Evaluating the long-term viability of eye-tracking for continuous authentication in virtual reality

Source: arXiv:2502.20359 · Published 2025-02-27 · By Sai Ganesh Grandhi, Saeed Samet

TL;DR

This paper asks a very specific question that many continuous-authentication systems sidestep: if gaze is a strong biometric today, does it still work months later in VR? The authors evaluate eye-tracking-based user identification on the longitudinal GazeBaseVR dataset, using three model families—Transformer Encoder, DenseNet, and XGBoost—under short-term (same-round) and long-term (Round 1 to Round 3, 26 months apart) conditions. The core contribution is not a new biometric signal, but an empirical stress test of temporal robustness.

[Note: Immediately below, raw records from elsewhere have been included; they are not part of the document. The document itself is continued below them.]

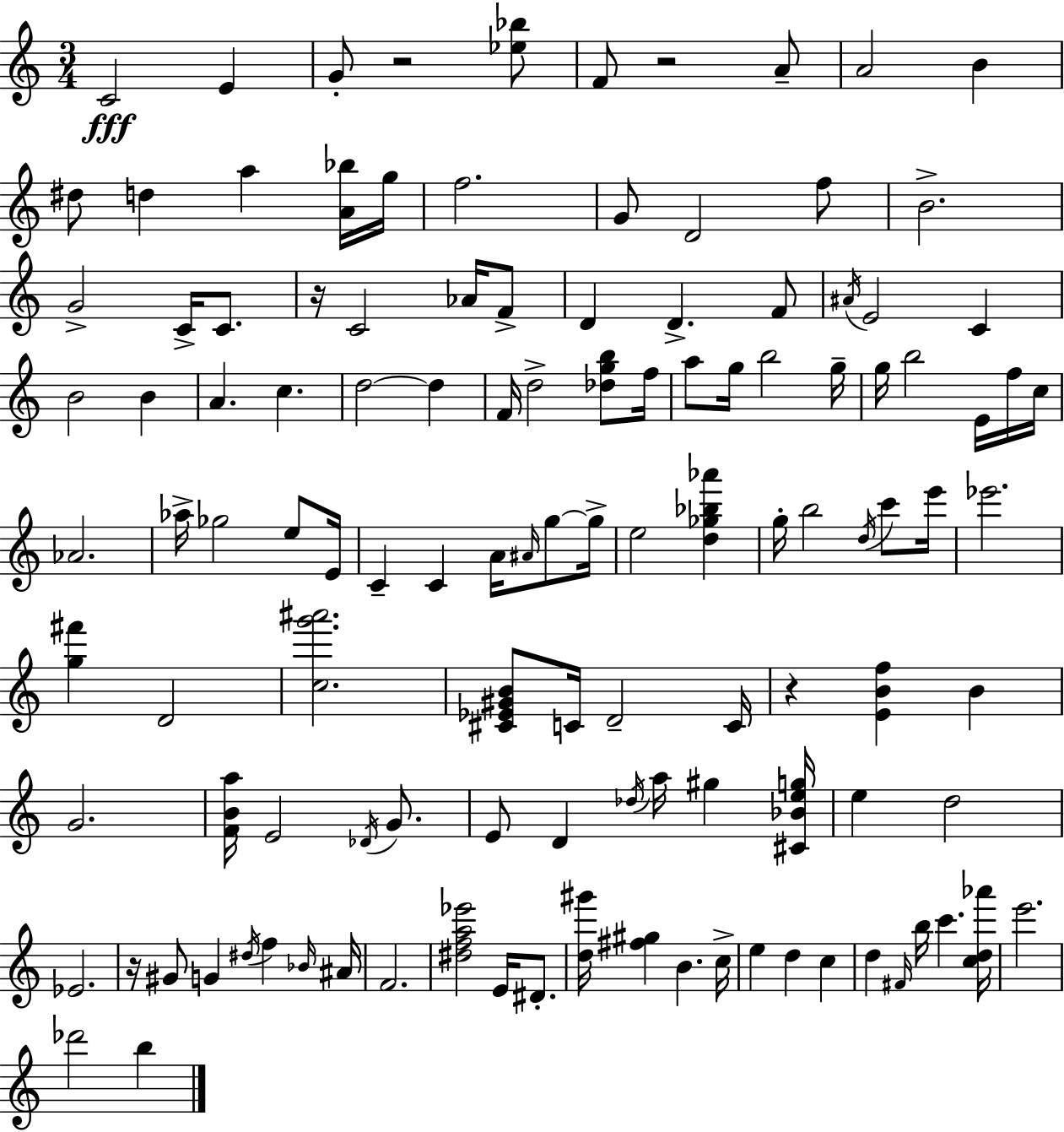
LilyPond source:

{
  \clef treble
  \numericTimeSignature
  \time 3/4
  \key c \major
  \repeat volta 2 { c'2\fff e'4 | g'8-. r2 <ees'' bes''>8 | f'8 r2 a'8-- | a'2 b'4 | \break dis''8 d''4 a''4 <a' bes''>16 g''16 | f''2. | g'8 d'2 f''8 | b'2.-> | \break g'2-> c'16-> c'8. | r16 c'2 aes'16 f'8-> | d'4 d'4.-> f'8 | \acciaccatura { ais'16 } e'2 c'4 | \break b'2 b'4 | a'4. c''4. | d''2~~ d''4 | f'16 d''2-> <des'' g'' b''>8 | \break f''16 a''8 g''16 b''2 | g''16-- g''16 b''2 e'16 f''16 | c''16 aes'2. | aes''16-> ges''2 e''8 | \break e'16 c'4-- c'4 a'16 \grace { ais'16 } g''8~~ | g''16-> e''2 <d'' ges'' bes'' aes'''>4 | g''16-. b''2 \acciaccatura { d''16 } | c'''8 e'''16 ees'''2. | \break <g'' fis'''>4 d'2 | <c'' g''' ais'''>2. | <cis' ees' gis' b'>8 c'16 d'2-- | c'16 r4 <e' b' f''>4 b'4 | \break g'2. | <f' b' a''>16 e'2 | \acciaccatura { des'16 } g'8. e'8 d'4 \acciaccatura { des''16 } a''16 | gis''4 <cis' bes' e'' g''>16 e''4 d''2 | \break ees'2. | r16 gis'8 g'4 | \acciaccatura { dis''16 } f''4 \grace { bes'16 } ais'16 f'2. | <dis'' f'' a'' ees'''>2 | \break e'16 dis'8.-. <d'' gis'''>16 <fis'' gis''>4 | b'4. c''16-> e''4 d''4 | c''4 d''4 \grace { fis'16 } | b''16 c'''4. <c'' d'' aes'''>16 e'''2. | \break des'''2 | b''4 } \bar "|."
}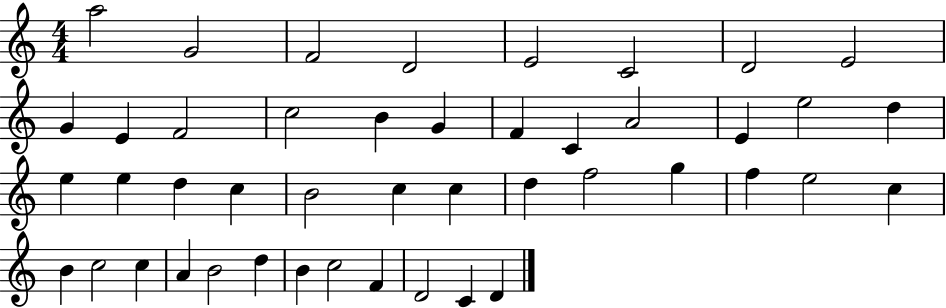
A5/h G4/h F4/h D4/h E4/h C4/h D4/h E4/h G4/q E4/q F4/h C5/h B4/q G4/q F4/q C4/q A4/h E4/q E5/h D5/q E5/q E5/q D5/q C5/q B4/h C5/q C5/q D5/q F5/h G5/q F5/q E5/h C5/q B4/q C5/h C5/q A4/q B4/h D5/q B4/q C5/h F4/q D4/h C4/q D4/q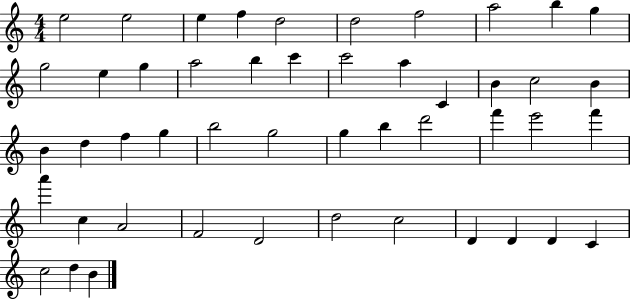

The result is stark: models that look strong in the short term largely collapse under long-term drift. On Round 1 same-round splits, Transformer Encoder and DenseNet reach up to 97.77% and 97.09% accuracy respectively, while XGBoost is notably weaker. But when trained on Round 1 and evaluated on Round 3 after 26 months, accuracies fall to single digits for most settings, with the worst reported task/model at 1.78% (XGBoost on video viewing). The paper’s practical answer is periodic retraining with recent data; when Round 3 data are added back into training, performance rebounds to 93.25%–98.71% depending on model/task, suggesting that gaze-based continuous authentication is viable only if the system is continually refreshed.

Key findings

On same-round Round 1 evaluation, Transformer Encoder reached 97.77% accuracy on the vergence (VRG) task and 97.20% on all tasks combined; DenseNet reached 97.09% on all tasks combined (Table 2).
When trained on Round 1 and tested on Round 3 collected 26 months later, overall accuracy dropped to 3.01% for Transformer, 7.79% for DenseNet, and 4.85% for XGBoost (Table 3).
The worst long-term result reported was XGBoost on video viewing (VID): 1.78% accuracy when trained on Round 1 and tested on Round 3 (Table 3).
In the short-term setting, XGBoost underperformed neural models substantially: 79.31% on all tasks vs 97.20% for Transformer and 97.09% for DenseNet (Table 2).
After retraining on Round 1 + Round 3 and testing on Round 3, performance recovered to 98.71% for DenseNet and 96.52% for Transformer on all tasks combined (Table 4).
Task stability differed by behavior: TEX and VRG were relatively more robust long-term than VID, with long-term accuracies up to 12.11% (XGBoost on TEX) and 11.46% (XGBoost on VRG), while VID remained very poor across models (Table 3).
The dataset used is GazeBaseVR: 407 participants, 5,020 recordings, 3 rounds over 26 months, sampled at 250 Hz with binocular 3D gaze vectors (Section 2.1 and 3.1).

Threat model

The implicit adversary is an unauthorized person who has obtained a valid login session or is trying to remain undetected in a VR environment after initial authentication. The system is assumed to observe only eye-tracking streams from the headset and to distinguish legitimate users from impostors based on behavioral patterns. The paper does not model a sophisticated attacker who can manipulate the sensor, replay traces, or deliberately mimic gaze dynamics, and it does not evaluate privacy leakage from the biometric itself.

Methodology — deep read

Threat model and goal: the paper frames the problem as continuous authentication in VR, where the main security risk is session hijacking after a legitimate login. The attacker model is implicit rather than formal: an unauthorized person may gain access to a session after initial authentication, and the system should keep verifying the user based on behavior. The paper does not evaluate active spoofing, replay, adversarial mimicry, or sensor tampering. Instead, it focuses on whether a model trained on a user’s gaze patterns remains valid as those patterns drift over long time spans.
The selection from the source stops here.